Last week I wrote a response to an article published in Haaretz by Petra Marquardt-Bigman. In it, I criticized her decontextualized, vile and one-sided smear of the Tamimi family, which read like a propaganda document, not an article in a liberal outlet such as Haaretz.
But Marquardt-Bigman is an easy target. Her bias is so obvious that attacking the premises and motivations of her article was as easy as paddling downstream. Marquardt-Bigman’s piece is a perfect example of right-wing propaganda and its insidious nature – how it manipulates facts to drive an anti-Palestinian, pro-Zionist and ultimately racist agenda.
Earlier this week, I read another Haaretz Op-ed, this time by New Israel Fund (NIF) CEO Daniel Sokatch titled Netanyahu’s Real Target Isn’t Israel Boycotters. It’s Israel’s Democracy.
Sokatch echoes the liberal “opposition” to Netanyahu, and thus deserves scrutiny.
The title of the piece, plus the NIF slogan (‘Advancing and protecting liberal democracy in Israel’) are good places to start. Both position NIF as a vanguard for Israel’s “democracy”. Sokatch goes on to claim in his piece that “Israeli democracy is not dead yet”, but is that accurate? Was there ever a democracy in Israel? And if not, what is NIF truly a vanguard of?
According to the UN ESCWA report (Page 63) under the first of several ‘Recommendations for the United Nations’:
‘Each United Nations body should promptly consider what action to take in view of the finding that Israel maintains a racist regime of apartheid in its exercise of control over the Palestinian people, taking due account of the fragmentation of that people by Israel, which is itself an aspect of the control arrangements that rely on “inhuman acts” for the purpose of systematic racial domination.’
The report goes on to say (Page 64):
‘The “country” from which Palestinians in the occupied Palestinian territory are excluded could arguably be Mandate Palestine as established by the League of Nations. The League’s intention was for it to gain independence as a State representing the shared patrimony of the entire multi-sectarian population of Palestine. That model, overtaken by events, was confused from the start by language about a “Jewish national home” and in any case was rendered moot by war, expulsion and other events on the ground. However, exclusive Israeli control since 1967 over all of Mandate Palestine has preserved the original geographical unit of Palestine. Hence the “country” in which Palestinians are being deprived of rights could be the Palestine that was never allowed to form, and arguably should form. The remedy in that case is to restore the standing of the original Mandate, which holds that the region is properly one country that has wrongfully been divided by racial agendas.’

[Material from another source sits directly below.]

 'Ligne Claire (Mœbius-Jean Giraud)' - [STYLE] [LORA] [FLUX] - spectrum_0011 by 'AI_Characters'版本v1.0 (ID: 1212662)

Clearly, Sokatch is familiar with this report and the data it relies on yet chooses to ignore them. The only logical conclusion would be that he and his organization focus solely on the democracy afforded to the privileged among Israelis – the Zionists.
From this disingenuous jumping off point, Sokatch continues to reflect the liberal Zionist approach of “eating a slice of pizza, yet leaving the pie whole”. He makes an attempt to build an argument against the new blacklisting of organizations that support BDS by Israel, i.e. placing himself to the left of the government, yet with one big caveat.
Sokatch claims: “I, along with the New Israel Fund, oppose the global BDS movement that most of the blacklisted organizations support. But right now, it doesn’t matter what you think of BDS. Because that’s not the real issue.”
When someone claims “that’s not the real issue”, it is usually a good time to reevaluate that very issue. “Don’t be distracted”, Sokatch beckons, after which he goes into an exercise in hand waving and smoke screening.
But in fact, support or rejection of BDS is the only issue here and Sokatch is attempting to change the subject in order to maintain NIF’s image as a lefty/liberal organization, though it does not recognize Israel as an undemocratic, apartheid state, does not support BDS, and therefore serves as a tool for continued oppression of the Palestinian people, who overwhelmingly support the call for BDS.
Sokatch declares: “The government has to rely on a strategy of distraction because its own values are so obviously at odds with Israel’s founding values.” However, it is Sokatch himself, and the NIF by extension, who are engaged in an act of distraction in this article, for it is those very founding values, calling for equality and justice, which animate the BDS movement.
So why are Sokatch and NIF so afraid of BDS? It may be because BDS threatens the most fundamental premise inherent in Zionism – the supremacy of one group of people over another.
In the past week, Haaretz published two articles, which are seemingly at opposite poles of the Zionist political spectrum – Marquardt-Bigman’s and Sokatch’s. An analysis of these pieces demonstrates that regardless of several important differences in their approaches, both advance an agenda meant to preserve privilege for Zionists in Palestine/Israel and maintain the oppression of the land’s indigenous people – the Palestinians. Importantly, they demonstrate that there is no worthy left-wing discourse within the Zionist political spectrum, and certainly nothing meriting the term “opposition”.